NamedNodeList getAttributes() Returns a NamedNodeList of the attributes associated with this node or null if no attributes exist. We will examine the NamedNodeList class shortly. getAttributes on <price discount="wholesale" cur="us">7.95</price> would return a list of two attributes.
boolean hasChildNodes() Returns true or false depending on whether this node has children.
Methods that Return Information About the Children of a Node
There are a number of methods that can be used to return information about the children of a Node object. The most commonly used methods are
Node getFirstChild() Returns null or the first child of the node. This method is useful when we are looking for the actual data of a node.
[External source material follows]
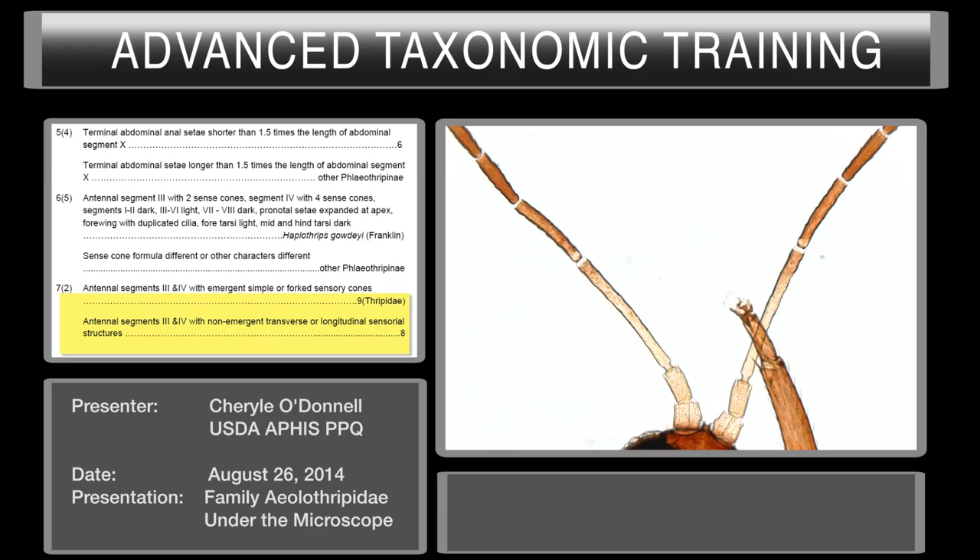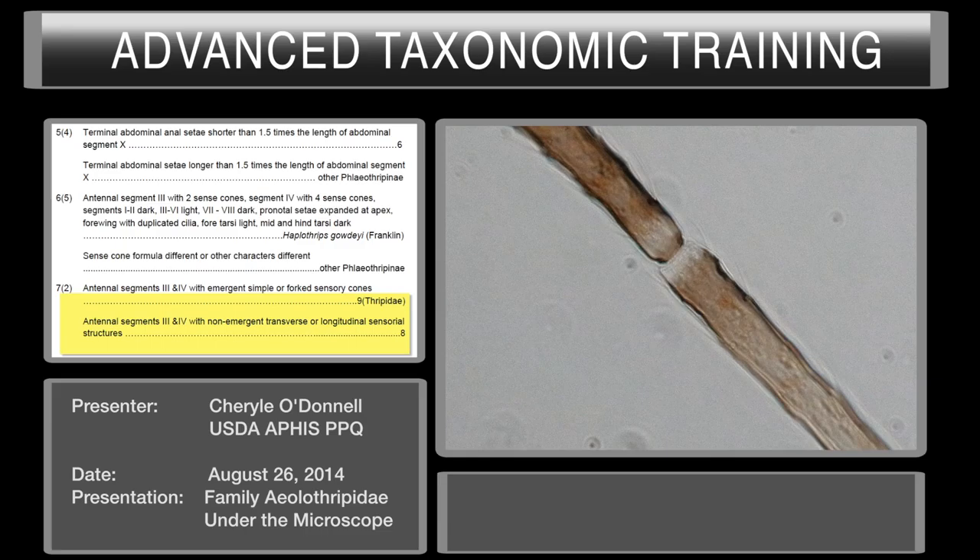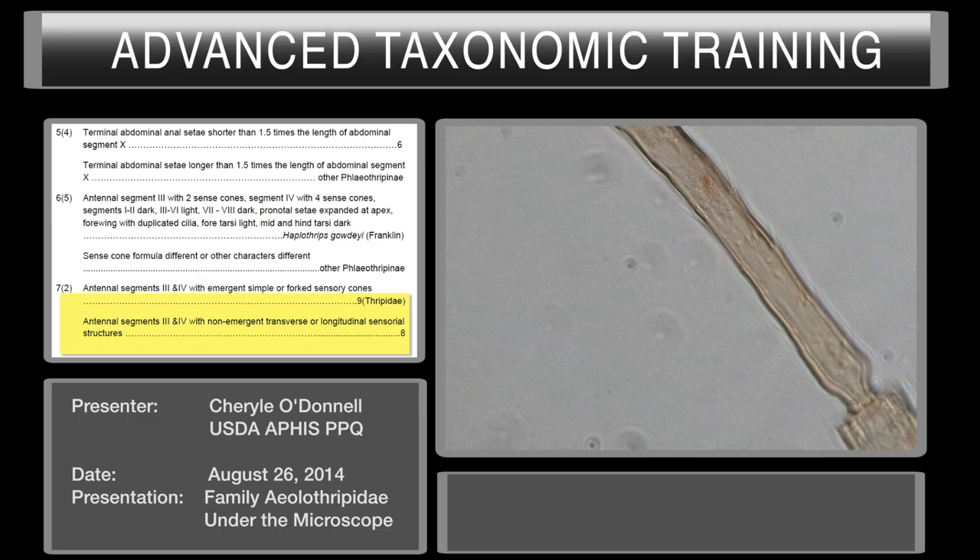Our next couplet will ask you about antennal segments three and four. Move your specimen to antennal segments three and four — we count from the base: antennal segment one, two, three, and four. This couplet asks for the type of sensoria. The first part of the couplet asks for simple or forked sensory cones. We do not have that here on this specimen, so we go to the second part of this couplet, which asks for non-emergent transverse or longitudinal sensorial structures. You can focus in up or down and should be able to see those structures on this specimen.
On <entry>...</entry>, would return an ELEMENT_NODE representing <title>...</title>.
Node getLastChild() Returns null or the last child of the node. On <entry>...</entry>, would return an ELEMENT_NODE representing <isbn>...</isbn>.
NodeList getChildNodes() Returns a NodeList of the children of the current node. Depending on the node type, this list may be empty, but the specification requires it to be returned. Readers should also note that this is a "live" list. That is, it can change and mutate as the underlying object changes and is required to do so. If the XML document changes, for example to add a new child to a given node, any NodeList that represents that child must be updated to reflect the change. getChildNodes on entry returns a NodeList of ELEMENT_NODEs representing the 5 children.
Methods Related to the Parent or Siblings
Each of the following descriptions reference the following XML snippet. Note that given our DTD, this snippet is well-formed but not technically valid as no DTD is given.
<catalog> <entry> <title>Better Living Thru Chemistry</title> </entry> <entry> <title>Conversational French</title> </entry> <entry> <title>Special Edition:Using Java 2 and XML</title> </entry> </catalog>
Node getParentNode() Returns the parent of this node or null in the case of Document, DocumentFragment, or Attribute objects. In addition, nodes that have been created on-the-fly but not inserted into a document may return null. The parent of any <entry...> node is <catalog>.
Node getPreviousSibling() Returns the immediate sibling to the current node or null if the first or no prior sibling exists. The previous sibling of Conversational French is Better Living.
Node getNextSibling() Same as previous only for next sibling.
Methods that Return Information About the Document a Node Is Contained Within
While there is only a single method for returning the DOM document a node is contained within, it is important to be able to access the parent Document from any given Node.
Document getOwnerDocument() Returns null for documents or the Document this Node is contained within.
Methods for Manipulating the Children of a Node
There are a number of methods for manipulating the contents of a node.
Node insertBefore(Node new, Node reference) Inserts a node before reference node returns the inserted node.
Node replaceNode(Node replacement, Node tobereplaced) Replaces the specified node with the replacement node. Returns the replaced node.
Node removeNode(Node toberemoved) Removes the input node. Returns the removed node.
Node appendChild(Node tobeappended) Adds a child node to the list of child nodes of the current node. Returns the node appended.
Node cloneNode(boolean deep) Produces a duplicate of the node. If deep=true, all the children of this node are also duplicated recursively. Note that all attributes of the node are copied. If deep=false, the node's children are not copied.